Hij zei dat het bedrijf de nieuwe faciliteit deze zomer zal dopen met een "vrij kleine broccoli-bevriezing als een nieuwe lijn. Dan zijn we in de herfst klaar om te rocken en rollen met aardappelen.”
Northern Girl ondersteunt 12 lokale boerderijen en de verse producten zullen in de fabriek worden gewassen en gesneden.
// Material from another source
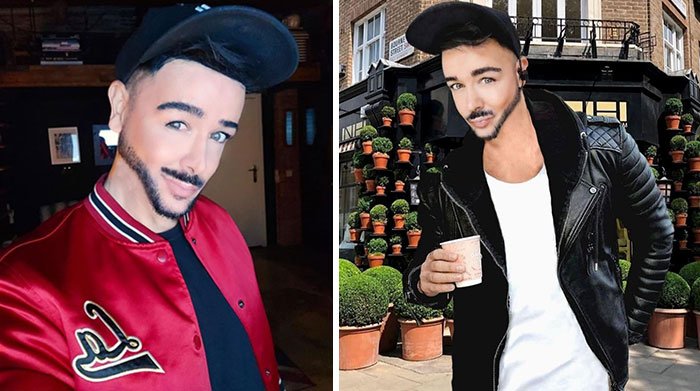 Αυτός ο χρήστης μέσων κοινωνικής δικτύωσης στο Λονδίνο χρησιμοποίησε λογισμικό εξομάλυνσης δέρματος για να κάνει το δέρμα του απίστευτα λείο. Δημιούργησε επίσης ένα απίστευτα λαξευμένο σαγόνι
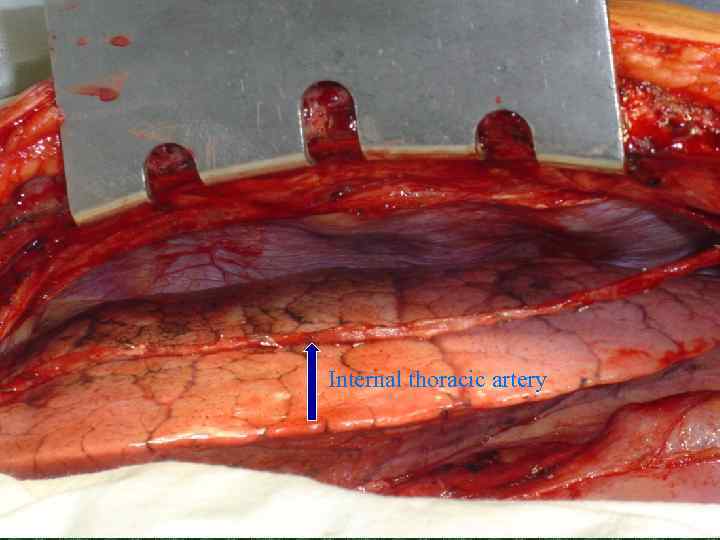 Internal thoracic artery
Uiteindelijk hoopt het bedrijf uit te breiden met lokaal geteelde erwten en broccoli in zijn productlijn, waardoor het jaarrond groenten kan verwerken.
Het bedrijf produceert elke week gemiddeld 300 pond wortelstokjes voor studenten in heel Maine, samen met andere producten van Northern Girl. Het verkoopt ook aan een paar dozijn scholen in Maine, waaronder de openbare scholen in Portland. De grootste klant is het Maine General Hospital in Augusta.
Eind 2012 begonnen shoppers op lokale markten en natuurvoedingswinkels de retailproducten van Northern Girl te zien in de groenteafdelingen en vrieskisten. Onder de selecties zijn Aroostook Roots Fresh Roasting Medley en saladebarbieten. Er worden ook biologische roodbruine partjes, wortelgroentefrietjes, Aroostook Roots in blokjes gesneden medley, in blokjes gesneden Chantenay-wortelen, in blokjes gesneden raap en in blokjes gesneden koolraap op de markt gebracht.
"We gaan uitzoeken welke producten populair zijn, en als we naar Van Buren verhuizen, hebben we de capaciteit om de productie op te voeren."
Het bedrijf heeft niet de mogelijkheid om grotere retailers op de markt te brengen, en dat is prima met Hallweaver.
"We doen niet alsof we hier de wereld gaan overnemen", zei hij. “We hebben ongeveer vijf medewerkers gehad, zeven dagen per week, van september tot april. We hebben het fantastisch - het is echt stimulerend."